Aim of the task: What lines below include the word "Beige"? Copy each one.

---*---

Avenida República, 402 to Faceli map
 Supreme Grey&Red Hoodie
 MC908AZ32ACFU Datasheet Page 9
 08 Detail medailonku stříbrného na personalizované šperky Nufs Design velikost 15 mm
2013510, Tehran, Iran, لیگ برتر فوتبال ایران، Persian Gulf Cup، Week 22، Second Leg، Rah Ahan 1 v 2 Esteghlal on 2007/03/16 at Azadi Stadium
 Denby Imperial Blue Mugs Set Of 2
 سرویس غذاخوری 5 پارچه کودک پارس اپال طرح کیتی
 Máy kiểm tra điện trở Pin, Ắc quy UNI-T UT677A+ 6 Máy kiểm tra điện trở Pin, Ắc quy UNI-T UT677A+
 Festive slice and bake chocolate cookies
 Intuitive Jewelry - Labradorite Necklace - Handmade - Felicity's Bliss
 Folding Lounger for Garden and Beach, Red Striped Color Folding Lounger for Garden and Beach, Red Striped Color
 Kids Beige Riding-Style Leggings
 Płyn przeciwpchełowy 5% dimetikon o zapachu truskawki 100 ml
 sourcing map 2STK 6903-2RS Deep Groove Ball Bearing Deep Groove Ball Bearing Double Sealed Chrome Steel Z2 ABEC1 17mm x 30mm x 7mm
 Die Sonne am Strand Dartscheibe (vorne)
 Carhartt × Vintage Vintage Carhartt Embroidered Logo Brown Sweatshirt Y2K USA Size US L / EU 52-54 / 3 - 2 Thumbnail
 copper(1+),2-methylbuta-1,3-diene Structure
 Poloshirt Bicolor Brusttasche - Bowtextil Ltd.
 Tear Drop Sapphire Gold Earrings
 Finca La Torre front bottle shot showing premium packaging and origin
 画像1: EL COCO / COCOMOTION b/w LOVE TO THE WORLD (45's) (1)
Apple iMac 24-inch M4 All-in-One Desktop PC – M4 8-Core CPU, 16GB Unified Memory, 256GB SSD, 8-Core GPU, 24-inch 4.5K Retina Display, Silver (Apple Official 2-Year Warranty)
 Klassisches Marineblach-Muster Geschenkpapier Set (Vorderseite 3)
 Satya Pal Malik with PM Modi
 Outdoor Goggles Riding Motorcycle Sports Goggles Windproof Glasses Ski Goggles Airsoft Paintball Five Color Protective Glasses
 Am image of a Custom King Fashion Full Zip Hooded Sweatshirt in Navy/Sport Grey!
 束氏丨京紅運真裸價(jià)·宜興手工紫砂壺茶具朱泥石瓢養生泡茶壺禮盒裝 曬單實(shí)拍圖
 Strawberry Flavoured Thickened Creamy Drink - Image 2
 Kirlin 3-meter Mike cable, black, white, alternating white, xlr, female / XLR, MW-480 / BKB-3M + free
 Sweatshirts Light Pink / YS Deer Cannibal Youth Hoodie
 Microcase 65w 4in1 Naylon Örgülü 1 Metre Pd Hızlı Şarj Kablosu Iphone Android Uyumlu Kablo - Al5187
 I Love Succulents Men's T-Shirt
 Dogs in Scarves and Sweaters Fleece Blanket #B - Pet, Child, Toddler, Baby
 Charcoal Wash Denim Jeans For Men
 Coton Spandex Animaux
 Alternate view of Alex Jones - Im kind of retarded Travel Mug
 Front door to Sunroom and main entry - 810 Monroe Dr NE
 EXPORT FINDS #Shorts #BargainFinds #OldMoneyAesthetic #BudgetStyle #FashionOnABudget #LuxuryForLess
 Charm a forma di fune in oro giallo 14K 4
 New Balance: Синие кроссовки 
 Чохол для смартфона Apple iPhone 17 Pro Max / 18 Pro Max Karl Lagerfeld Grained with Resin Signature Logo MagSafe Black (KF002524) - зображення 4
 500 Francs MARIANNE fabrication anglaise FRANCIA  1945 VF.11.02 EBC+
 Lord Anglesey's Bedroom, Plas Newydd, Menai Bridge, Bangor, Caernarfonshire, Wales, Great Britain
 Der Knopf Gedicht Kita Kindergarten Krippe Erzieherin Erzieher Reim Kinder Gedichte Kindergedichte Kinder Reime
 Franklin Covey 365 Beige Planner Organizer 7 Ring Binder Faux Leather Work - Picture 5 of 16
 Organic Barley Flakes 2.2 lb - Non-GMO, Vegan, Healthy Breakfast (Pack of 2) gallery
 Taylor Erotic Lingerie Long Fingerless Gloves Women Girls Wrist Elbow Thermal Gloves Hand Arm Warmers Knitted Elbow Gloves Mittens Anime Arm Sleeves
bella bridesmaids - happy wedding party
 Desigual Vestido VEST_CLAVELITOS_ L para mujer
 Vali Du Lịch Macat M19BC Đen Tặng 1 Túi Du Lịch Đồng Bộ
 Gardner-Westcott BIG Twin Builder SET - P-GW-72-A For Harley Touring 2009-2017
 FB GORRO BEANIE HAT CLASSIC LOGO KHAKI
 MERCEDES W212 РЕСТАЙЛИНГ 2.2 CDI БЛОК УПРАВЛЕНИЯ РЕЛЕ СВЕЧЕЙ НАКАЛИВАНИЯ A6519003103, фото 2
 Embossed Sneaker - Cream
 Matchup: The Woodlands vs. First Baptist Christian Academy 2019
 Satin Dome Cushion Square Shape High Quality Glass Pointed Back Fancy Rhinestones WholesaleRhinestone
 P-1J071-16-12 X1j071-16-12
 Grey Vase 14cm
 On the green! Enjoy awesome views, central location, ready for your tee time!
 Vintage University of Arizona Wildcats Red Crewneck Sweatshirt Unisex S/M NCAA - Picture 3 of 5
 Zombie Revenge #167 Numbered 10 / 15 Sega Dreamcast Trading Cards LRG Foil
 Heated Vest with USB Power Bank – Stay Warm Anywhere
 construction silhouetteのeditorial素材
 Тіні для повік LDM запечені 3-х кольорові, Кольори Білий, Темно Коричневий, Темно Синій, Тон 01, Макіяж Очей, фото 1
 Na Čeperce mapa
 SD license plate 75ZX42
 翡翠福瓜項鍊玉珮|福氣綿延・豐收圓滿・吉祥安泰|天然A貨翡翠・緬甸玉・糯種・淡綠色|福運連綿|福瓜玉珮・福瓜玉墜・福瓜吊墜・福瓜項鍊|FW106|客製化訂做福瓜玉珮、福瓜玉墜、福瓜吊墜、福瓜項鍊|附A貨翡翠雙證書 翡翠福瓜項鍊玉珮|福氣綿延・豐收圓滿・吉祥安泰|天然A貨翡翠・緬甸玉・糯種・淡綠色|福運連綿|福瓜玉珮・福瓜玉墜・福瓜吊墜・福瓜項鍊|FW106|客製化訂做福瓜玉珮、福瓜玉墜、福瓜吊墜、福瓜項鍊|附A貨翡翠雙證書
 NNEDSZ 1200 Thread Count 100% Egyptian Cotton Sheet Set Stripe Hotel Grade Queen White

---*---

Result of this exercise:
 Kids Beige Riding-Style Leggings
 Franklin Covey 365 Beige Planner Organizer 7 Ring Binder Faux Leather Work - Picture 5 of 16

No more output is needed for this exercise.